The LR2 is known as the Freelander 2 elsewhere in the world, but Land Rover's North American brass have decided to jettison the name here, in the same way the Discovery moniker morphed into the LR3. Perhaps that's because the Freelander wasn't that great a small luxury truck, but more likely because the LR2 is moving upmarket to compete with the Acura RDX and BMW X3 rather than the Toyota RAV4 and Honda CR-V. The LR2 has also grown up. It's nearly two inches longer and about 600 pounds heavier than the Freelander.

The LR2 certainly looks upscale, mainly because it has plenty of styling elements from other Land Rover products, such as the LR3-style rear pillar and the Range Rover Sport-like front-fender treatment. Inside, head- and legroom are class competitive, but the luggage space — 27 cubic feet with the rear seats up, 59 with them down — isn't as generous as a CR-V's or RAV4's. In keeping with the truck's newfound luxury status, power front seats, leather seating, and a sunroof are all standard, as are seven airbags. Items such as swiveling high-intensity headlamps and a DVD-based touch-screen navigation system are included in options packages.

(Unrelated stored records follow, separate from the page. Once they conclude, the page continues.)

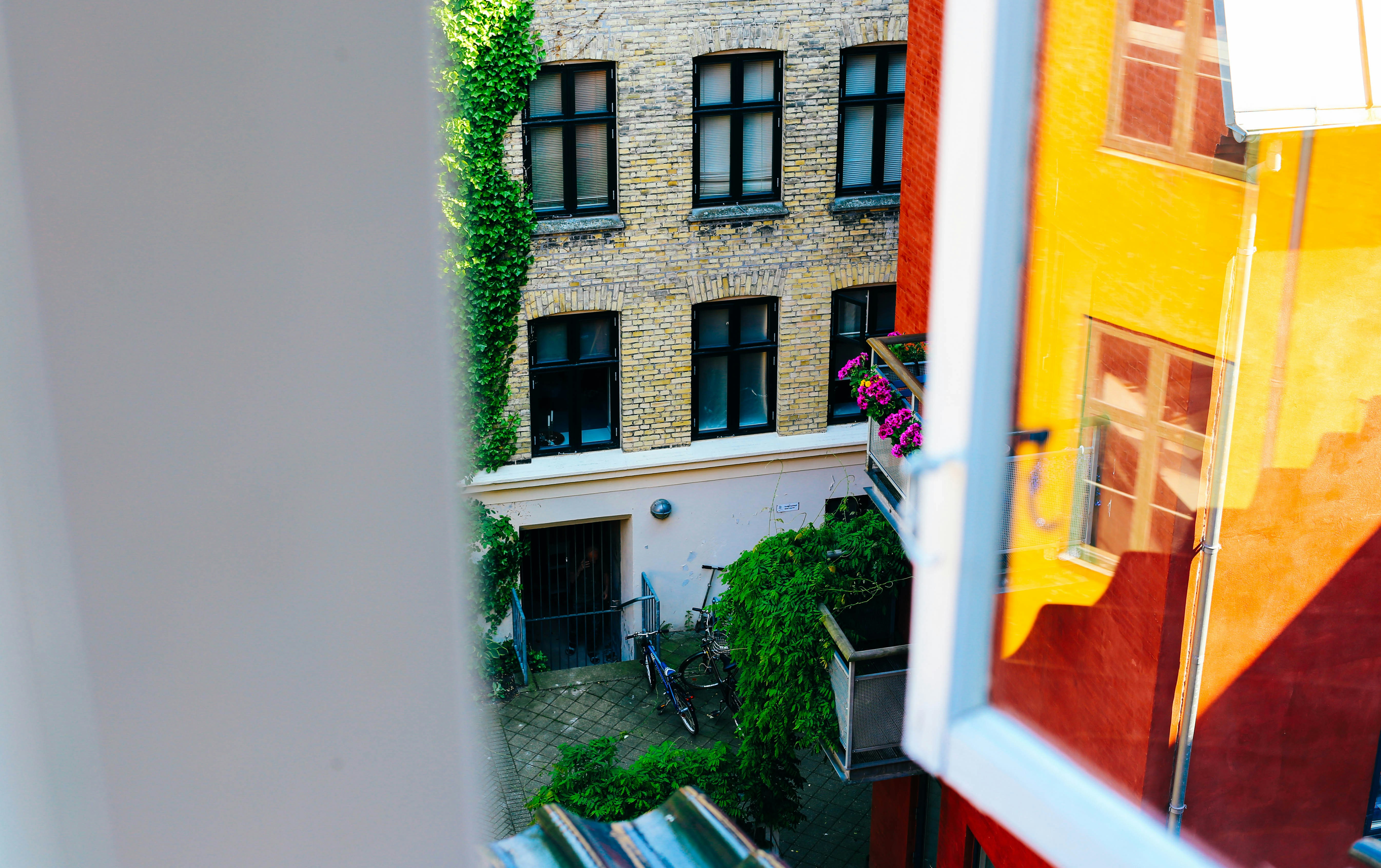 Boardinghouse Siebzehn82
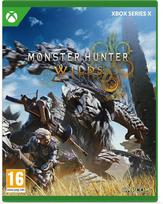 Monster Hunter Wilds  - Xbox Series X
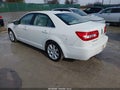 2008 Lincoln MKZ — photo 3 of 17 | VIN 3LNHM26T78R621540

The underpinnings of the LR2 share a lot with the new Volvo S80. The Volvo donates its front crash structure, lower-control-arm and strut-front suspension layout, fire-wall stamping, and parts of its front subframe to the unibody LR2, along with a similar all-wheel-drive layout and a 3.2-liter inline six-cylinder engine. (The strut-type rear suspension is unique to the LR2.)

This transversely mounted 3.2-liter DOHC unit makes 230 horsepower and 234 pound-feet of torque and is mated to a six-speed Aisin-Warner automatic transmission that has manumatic shifting. Permanent all-wheel drive works through a Haldex clutch pack that's mounted in front of the rear differential. There is no low range, but the vehicle is equipped with hill-descent control and Terrain Response, which has four selectable modes that vary throttle sensitivity, the levels of traction, stability, and hill-descent control, and Haldex preload, depending on conditions.

Although the LR2's ability to plow through sand dunes and clamber over rocks is about as relevant to its normal use as invading Iraq was to defeating jihad-crazed terrorists, we had a chance to plow and clamber, and the LR2 was impressive.

However, as most LR2s are going to be transporting tots to school or their moms to facials, on-road demeanor is much more important. The LR2's biggest strength is marrying a supple ride with poised handling, although it isn't as overtly sporty as the X3 or RDX. The six-cylinder engine provides decent rather than startling performance: Land Rover claims 0 to 60 mph in 8.4 seconds and a top speed of 124 mph.

The LR2 is a huge step forward over the Freelander, but that will likely be reflected in a price of about $38,000 for a fully equipped vehicle. The LR2 is good enough to compete; the variable is whether people will pay the extra for a Land Rover over a CR-V, which does pretty much everything equally well, except for bounding through the boonies.